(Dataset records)
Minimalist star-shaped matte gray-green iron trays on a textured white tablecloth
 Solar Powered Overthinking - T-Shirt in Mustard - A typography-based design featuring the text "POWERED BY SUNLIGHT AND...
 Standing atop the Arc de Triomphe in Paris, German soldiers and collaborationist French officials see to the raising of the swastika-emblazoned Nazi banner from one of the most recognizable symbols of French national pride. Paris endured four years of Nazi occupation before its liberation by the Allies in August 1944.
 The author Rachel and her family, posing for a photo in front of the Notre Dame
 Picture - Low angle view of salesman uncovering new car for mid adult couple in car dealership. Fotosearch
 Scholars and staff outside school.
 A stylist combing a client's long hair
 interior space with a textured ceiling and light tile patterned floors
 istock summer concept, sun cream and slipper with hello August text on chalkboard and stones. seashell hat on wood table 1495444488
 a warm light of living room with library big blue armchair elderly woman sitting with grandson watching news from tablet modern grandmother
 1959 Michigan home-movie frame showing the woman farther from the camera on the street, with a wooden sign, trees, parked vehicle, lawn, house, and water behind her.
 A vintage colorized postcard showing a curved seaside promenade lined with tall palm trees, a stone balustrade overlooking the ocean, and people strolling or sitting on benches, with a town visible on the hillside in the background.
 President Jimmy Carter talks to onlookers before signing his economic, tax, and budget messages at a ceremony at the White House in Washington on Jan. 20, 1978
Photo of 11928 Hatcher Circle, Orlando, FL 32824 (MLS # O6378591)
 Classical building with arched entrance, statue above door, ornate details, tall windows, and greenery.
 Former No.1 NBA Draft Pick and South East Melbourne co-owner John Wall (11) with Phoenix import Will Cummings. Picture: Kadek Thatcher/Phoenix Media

- Work required -
Give the exact lines, and only those, from the line containing "The author Rachel" through the line containing "a warm light" in the entries above.

- Solution to the problem -
 The author Rachel and her family, posing for a photo in front of the Notre Dame
 Picture - Low angle view of salesman uncovering new car for mid adult couple in car dealership. Fotosearch
 Scholars and staff outside school.
 A stylist combing a client's long hair
 interior space with a textured ceiling and light tile patterned floors
 istock summer concept, sun cream and slipper with hello August text on chalkboard and stones. seashell hat on wood table 1495444488
 a warm light of living room with library big blue armchair elderly woman sitting with grandson watching news from tablet modern grandmother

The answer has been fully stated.